The UFA Default Risk Index for the third quarter of 2013 rose to 114 from last quarter’s revised 96 in University Financial Associates' baseline scenario. Under current economic conditions, investors and lenders should expect defaults on loans currently being originated to be 14 percent higher than the average of similar loans originated in the 1990s, due solely to the local and national economic environment. That’s a key finding of the latest UFA Mortgage Report by University Financial Associates of Ann Arbor, Michigan.
“Most of the increased risk this quarter can be attributed to the hefty increase in mortgage rates—100 basis points in just three months!

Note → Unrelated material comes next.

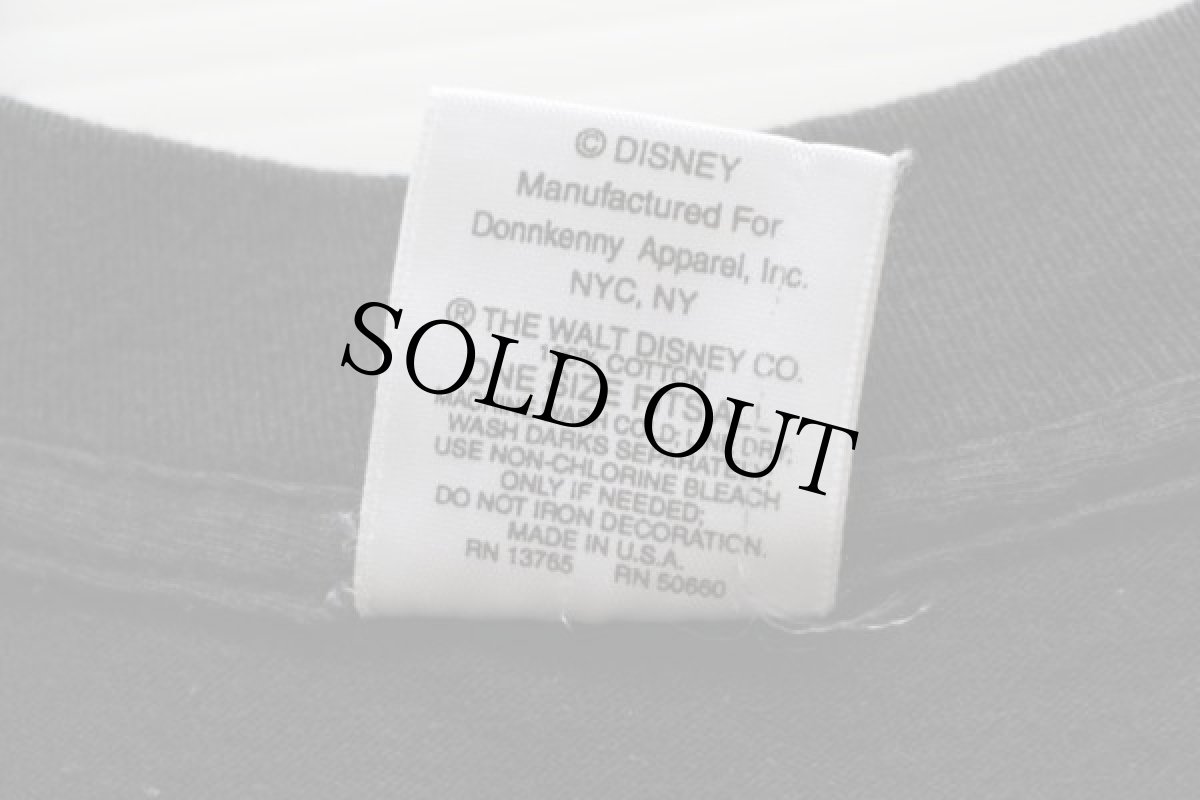 画像3: 90s USA製 ミッキー マウス ドナルドダック グーフィー プルート コットンTシャツ 黒 特大 (3)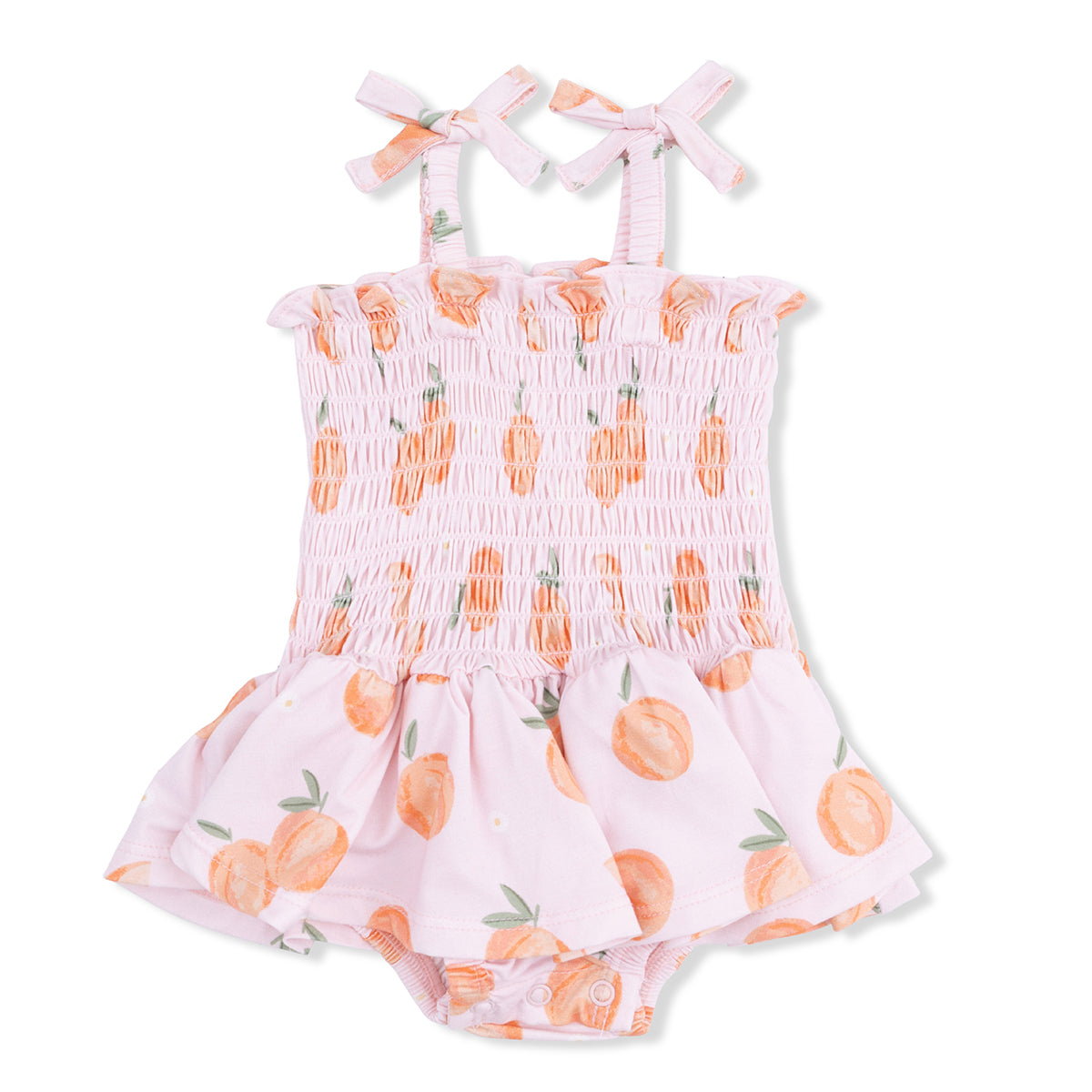 Sweet Peach Smocked Bubble by Angel Dear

Borrowers initiating mortgages at these higher rates will have higher payment ratios and will be more likely to default if the household is stressed,” said Dennis Capozza, who is the Dale Dykema Professor of Business Administration in the Ross School of Business at the University of Michigan, and a founding principal of UFA. “At the same time, borrowers at the lower rates of earlier vintages become less likely to default. This is because their existing mortgage at the earlier favorable rate becomes a more valuable contract, since the market value of the mortgage liability falls when valued at current higher rates.”
The UFA Default Risk Index measures the risk of default on newly originated prime and nonprime mortgages. UFA’s analysis is based on a “constant-quality” loan, that is, a loan with the same borrower, loan and collateral characteristics. The Index reflects only the changes in current and expected future economic conditions, which are much less favorable currently than in prior years.